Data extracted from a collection

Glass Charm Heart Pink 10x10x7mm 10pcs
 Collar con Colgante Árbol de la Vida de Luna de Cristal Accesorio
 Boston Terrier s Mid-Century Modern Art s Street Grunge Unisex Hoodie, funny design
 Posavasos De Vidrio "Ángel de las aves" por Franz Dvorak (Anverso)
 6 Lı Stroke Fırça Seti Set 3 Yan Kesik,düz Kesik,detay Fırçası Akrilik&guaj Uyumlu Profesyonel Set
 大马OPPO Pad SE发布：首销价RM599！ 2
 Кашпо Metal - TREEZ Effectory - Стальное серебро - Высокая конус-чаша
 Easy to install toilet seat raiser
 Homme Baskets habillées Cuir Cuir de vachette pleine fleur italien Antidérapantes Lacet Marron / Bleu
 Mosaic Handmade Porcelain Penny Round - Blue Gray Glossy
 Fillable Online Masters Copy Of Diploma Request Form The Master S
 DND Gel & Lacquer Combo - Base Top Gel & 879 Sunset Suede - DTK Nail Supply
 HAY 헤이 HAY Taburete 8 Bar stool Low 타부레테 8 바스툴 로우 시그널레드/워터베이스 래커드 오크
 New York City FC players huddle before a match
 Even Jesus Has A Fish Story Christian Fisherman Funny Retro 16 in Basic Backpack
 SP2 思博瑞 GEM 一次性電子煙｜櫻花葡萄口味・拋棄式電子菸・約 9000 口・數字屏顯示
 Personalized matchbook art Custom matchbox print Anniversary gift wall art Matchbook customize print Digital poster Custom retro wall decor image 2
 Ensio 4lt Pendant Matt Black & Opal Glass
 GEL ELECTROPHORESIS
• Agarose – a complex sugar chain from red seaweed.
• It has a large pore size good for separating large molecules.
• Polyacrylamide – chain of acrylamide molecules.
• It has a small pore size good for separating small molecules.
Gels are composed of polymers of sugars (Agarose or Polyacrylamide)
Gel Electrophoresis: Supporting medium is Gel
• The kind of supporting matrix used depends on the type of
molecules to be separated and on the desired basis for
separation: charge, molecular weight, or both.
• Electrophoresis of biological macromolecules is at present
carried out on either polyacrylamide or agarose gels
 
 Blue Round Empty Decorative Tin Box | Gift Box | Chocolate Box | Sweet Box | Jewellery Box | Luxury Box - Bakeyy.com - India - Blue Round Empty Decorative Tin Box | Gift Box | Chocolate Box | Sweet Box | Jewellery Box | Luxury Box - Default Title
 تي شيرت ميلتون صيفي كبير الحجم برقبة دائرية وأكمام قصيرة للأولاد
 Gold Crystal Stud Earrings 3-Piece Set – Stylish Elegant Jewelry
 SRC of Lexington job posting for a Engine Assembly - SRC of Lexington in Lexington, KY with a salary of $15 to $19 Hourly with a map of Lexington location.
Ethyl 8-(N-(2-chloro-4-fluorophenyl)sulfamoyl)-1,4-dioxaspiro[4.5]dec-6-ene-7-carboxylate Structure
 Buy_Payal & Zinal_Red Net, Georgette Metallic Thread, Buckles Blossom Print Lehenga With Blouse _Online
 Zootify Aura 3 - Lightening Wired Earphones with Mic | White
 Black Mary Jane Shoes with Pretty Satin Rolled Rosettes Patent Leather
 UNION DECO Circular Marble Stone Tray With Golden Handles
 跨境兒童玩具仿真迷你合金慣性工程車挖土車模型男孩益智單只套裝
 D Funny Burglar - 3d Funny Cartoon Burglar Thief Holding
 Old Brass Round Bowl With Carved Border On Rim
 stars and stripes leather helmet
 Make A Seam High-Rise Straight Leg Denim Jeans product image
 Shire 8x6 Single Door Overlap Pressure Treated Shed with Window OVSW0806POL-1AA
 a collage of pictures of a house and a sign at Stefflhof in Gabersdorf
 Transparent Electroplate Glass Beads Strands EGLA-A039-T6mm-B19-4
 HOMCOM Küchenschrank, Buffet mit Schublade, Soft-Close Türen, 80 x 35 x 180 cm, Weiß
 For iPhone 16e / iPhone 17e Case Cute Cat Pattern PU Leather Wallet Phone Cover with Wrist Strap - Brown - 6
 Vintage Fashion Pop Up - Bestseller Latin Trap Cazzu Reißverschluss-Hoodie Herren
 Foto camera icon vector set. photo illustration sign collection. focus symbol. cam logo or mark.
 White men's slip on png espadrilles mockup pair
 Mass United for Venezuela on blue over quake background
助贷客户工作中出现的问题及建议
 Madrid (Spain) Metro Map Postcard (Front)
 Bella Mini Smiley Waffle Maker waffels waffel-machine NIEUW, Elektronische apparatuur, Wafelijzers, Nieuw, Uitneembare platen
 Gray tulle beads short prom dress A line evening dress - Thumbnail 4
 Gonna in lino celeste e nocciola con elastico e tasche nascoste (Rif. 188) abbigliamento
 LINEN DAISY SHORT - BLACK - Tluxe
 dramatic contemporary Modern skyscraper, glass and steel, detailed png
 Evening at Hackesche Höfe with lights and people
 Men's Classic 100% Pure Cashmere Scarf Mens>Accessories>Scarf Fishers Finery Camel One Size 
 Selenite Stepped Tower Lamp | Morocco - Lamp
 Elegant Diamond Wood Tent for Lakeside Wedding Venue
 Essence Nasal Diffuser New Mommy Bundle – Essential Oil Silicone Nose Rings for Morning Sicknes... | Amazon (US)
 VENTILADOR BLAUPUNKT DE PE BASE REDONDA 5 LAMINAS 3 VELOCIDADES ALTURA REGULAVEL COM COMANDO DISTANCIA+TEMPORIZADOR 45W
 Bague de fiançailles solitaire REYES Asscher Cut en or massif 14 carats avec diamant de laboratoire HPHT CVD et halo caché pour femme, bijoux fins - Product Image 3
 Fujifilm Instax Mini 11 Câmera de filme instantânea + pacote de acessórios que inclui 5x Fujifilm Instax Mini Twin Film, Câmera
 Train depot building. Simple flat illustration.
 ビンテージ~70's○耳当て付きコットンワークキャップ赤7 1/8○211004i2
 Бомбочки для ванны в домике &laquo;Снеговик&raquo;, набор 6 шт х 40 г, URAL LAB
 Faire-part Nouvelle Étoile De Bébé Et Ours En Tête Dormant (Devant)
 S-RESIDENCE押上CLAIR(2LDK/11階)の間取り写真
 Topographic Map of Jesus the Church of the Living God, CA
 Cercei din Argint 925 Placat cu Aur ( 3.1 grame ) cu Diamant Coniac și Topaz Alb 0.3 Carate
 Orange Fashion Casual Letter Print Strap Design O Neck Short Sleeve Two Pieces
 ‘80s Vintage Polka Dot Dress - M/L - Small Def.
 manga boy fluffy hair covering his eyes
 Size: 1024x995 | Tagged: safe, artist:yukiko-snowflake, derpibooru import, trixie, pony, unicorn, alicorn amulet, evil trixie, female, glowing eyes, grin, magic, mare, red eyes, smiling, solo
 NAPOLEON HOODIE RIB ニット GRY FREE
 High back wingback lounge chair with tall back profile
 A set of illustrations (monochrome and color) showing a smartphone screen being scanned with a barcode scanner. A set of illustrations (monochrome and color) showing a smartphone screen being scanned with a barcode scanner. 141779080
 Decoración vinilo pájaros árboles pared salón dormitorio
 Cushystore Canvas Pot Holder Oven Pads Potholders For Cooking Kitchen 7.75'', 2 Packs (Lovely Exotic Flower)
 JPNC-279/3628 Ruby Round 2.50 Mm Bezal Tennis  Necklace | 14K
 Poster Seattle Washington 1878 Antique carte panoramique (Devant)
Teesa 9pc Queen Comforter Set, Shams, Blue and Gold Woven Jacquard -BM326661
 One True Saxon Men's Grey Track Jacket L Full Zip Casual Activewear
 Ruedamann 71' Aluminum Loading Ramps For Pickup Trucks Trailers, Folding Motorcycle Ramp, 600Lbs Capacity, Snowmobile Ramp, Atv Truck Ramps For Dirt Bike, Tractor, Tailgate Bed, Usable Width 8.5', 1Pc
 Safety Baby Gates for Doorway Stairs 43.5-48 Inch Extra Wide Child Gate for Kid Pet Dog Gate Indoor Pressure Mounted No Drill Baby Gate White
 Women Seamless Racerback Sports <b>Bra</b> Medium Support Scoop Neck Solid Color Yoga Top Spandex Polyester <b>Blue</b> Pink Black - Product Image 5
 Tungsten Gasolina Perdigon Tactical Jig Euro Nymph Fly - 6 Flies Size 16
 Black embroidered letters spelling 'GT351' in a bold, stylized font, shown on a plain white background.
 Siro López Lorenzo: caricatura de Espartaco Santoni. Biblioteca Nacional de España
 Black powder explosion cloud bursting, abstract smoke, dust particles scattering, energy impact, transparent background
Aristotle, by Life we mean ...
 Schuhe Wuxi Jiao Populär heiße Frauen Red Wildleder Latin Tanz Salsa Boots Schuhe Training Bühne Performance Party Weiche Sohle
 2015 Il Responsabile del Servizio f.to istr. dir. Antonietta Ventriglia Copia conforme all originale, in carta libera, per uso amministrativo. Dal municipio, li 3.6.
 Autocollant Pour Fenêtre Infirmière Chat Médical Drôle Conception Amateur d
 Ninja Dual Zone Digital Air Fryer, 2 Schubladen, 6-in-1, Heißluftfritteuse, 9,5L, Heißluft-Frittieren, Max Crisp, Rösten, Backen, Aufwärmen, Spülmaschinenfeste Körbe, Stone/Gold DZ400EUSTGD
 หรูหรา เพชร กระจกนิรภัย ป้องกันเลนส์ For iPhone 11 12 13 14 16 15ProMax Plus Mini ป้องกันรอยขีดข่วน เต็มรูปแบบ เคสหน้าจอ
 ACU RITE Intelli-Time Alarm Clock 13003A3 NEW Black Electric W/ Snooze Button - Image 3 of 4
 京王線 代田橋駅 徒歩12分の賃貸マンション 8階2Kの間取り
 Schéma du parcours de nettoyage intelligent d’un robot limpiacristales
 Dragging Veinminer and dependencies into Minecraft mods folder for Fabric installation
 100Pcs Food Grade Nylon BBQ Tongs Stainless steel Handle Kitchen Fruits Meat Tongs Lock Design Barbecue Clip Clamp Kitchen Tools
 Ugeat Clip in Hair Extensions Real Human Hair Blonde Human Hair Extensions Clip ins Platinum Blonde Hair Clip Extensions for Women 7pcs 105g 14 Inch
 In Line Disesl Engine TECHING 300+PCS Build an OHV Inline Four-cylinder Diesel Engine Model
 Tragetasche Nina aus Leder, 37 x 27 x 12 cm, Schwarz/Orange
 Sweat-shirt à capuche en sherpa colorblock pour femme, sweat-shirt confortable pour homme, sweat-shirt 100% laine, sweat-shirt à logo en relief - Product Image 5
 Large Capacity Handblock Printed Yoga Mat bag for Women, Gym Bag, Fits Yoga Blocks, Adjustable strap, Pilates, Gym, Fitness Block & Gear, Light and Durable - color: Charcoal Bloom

● WHAT YOU NEED TO DO
Repeat every line exactly, starting with the first line of the entries, and stop once the line containing "Posavasos De Vidrio" has been given.

● FINISHED EXERCISE
Glass Charm Heart Pink 10x10x7mm 10pcs
 Collar con Colgante Árbol de la Vida de Luna de Cristal Accesorio
 Boston Terrier s Mid-Century Modern Art s Street Grunge Unisex Hoodie, funny design
 Posavasos De Vidrio "Ángel de las aves" por Franz Dvorak (Anverso)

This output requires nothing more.